The tagger rule automatically:

  • Sends the document content to the AI assistant
  • Receives structured tag suggestions
  • Validates against tag definitions
  • Applies the tags to the document

Manual Tagging

You can also manually trigger tagging for specific documents:

POST /api/v1/tags/document/{document_id}/run-tagger
{
  "tagger_rule_id": "rule_uuid"
}

Bulk Tagging

Tag all documents in a folder at once:

POST /api/v1/tags/tagger-rules/{rule_id}/run-bulk
{
  "folder_id": "contracts_folder_uuid",
  "force_retag": false
}

This is perfect for:

  • Tagging existing document collections
  • Re-tagging after adding new tag definitions
  • Fixing incorrect tags from a previous run

Querying Tagged Documents

Once tagged, you can efficiently filter documents:

GET /api/v1/documents?tags=[{"key":"priority","value":"high"}]&tag_match=AND

GET /api/v1/documents?tags=[
  {"key":"category","value":"legal"},
  {"key":"year","value":"2025"}
]&tag_match=AND

Advanced Features

Tag Value Counts

See distribution of tag values:

GET /api/v1/tags/values/priority?resource_type=document

Response:
{
  "tag_name": "priority",
  "values": [
    {"value": "high", "count": 45},
    {"value": "medium", "count": 32},
    {"value": "low", "count": 18}
  ]
}

Multiple Tagger Rules

Apply different tagging strategies to different folders. For example:

  • Legal documents get compliance tags
  • Support tickets get sentiment and urgency tags
  • Research papers get topic and methodology tags

Email Auto-Tagging

The same system works for incoming emails:

POST /api/v1/tags/tagger-rules
{
  "scope_type": "inbox",
  "inbox_id": "support_inbox_uuid",
  "assistant_id": "email_tagger_uuid",
  "tag_definition_ids": ["sentiment_tag", "urgency_tag"]
}

Best Practices

1. Start with Clear Tag Definitions

Use enums for categorical tags to ensure consistency. Provide clear descriptions that help the AI understand when to apply each value.

2. Tune Your Assistant Prompt

Give examples in the system prompt of how to classify edge cases. The better your prompt, the more accurate the tagging.

3. Validate and Iterate

Review auto-tagged documents periodically. Use incorrect tags as training examples to improve your prompt.

4. Use force_retag Carefully

When running bulk operations, force_retag will overwrite existing tags.

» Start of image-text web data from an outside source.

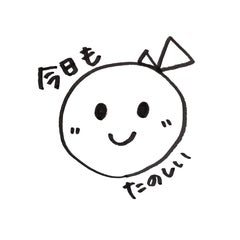 こはるのプロフィール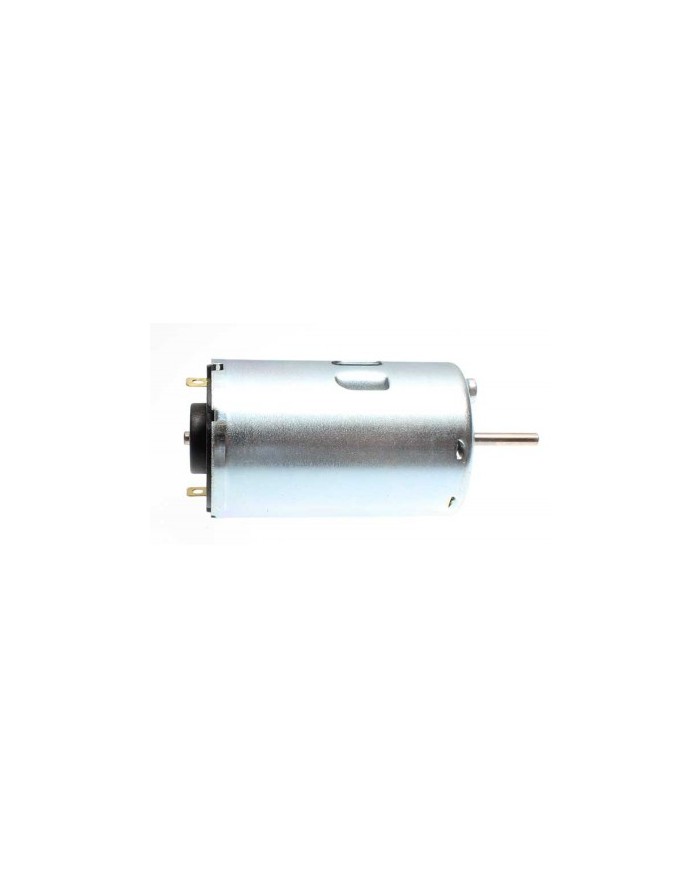 Wallas Motor, Achse 3,2 mm | 
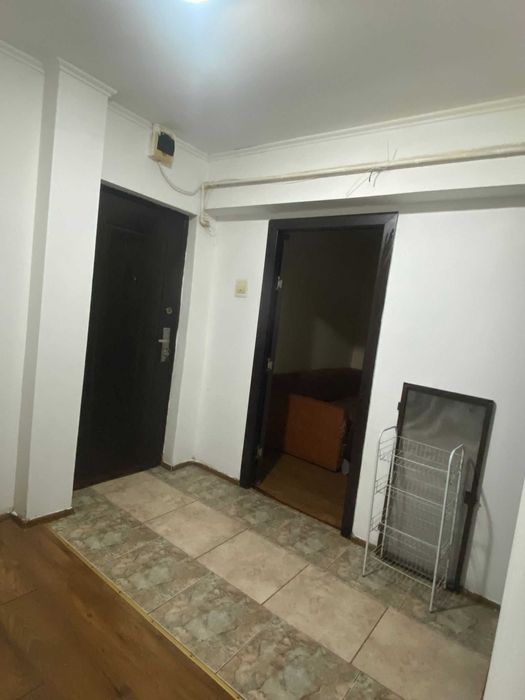 Închiriere Garsonieră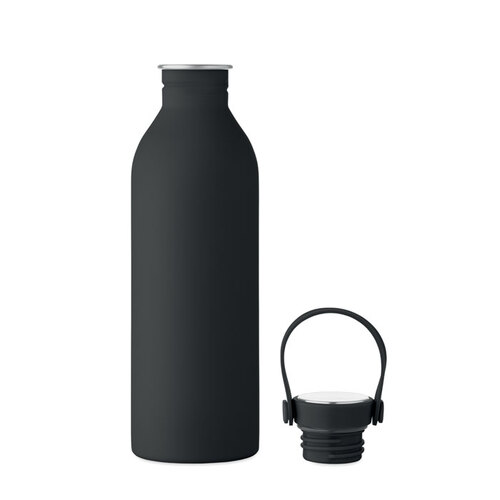 butelka-z-1-scianka-500-ml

Use it when you've improved your tagging logic and want to reprocess everything.

Real-World Example

A legal firm used SINAS to automatically tag contracts:

  • 10,000+ contracts tagged in under an hour
  • 95%+ accuracy on contract type classification
  • Searchable archive with multi-tag filtering
  • Compliance tracking with automatic expiration date extraction

Conclusion

AI-powered auto-tagging transforms document management from a manual chore into an automated process. With SINAS, you can tag thousands of documents with structured metadata in minutes, making your document archive truly searchable and organized.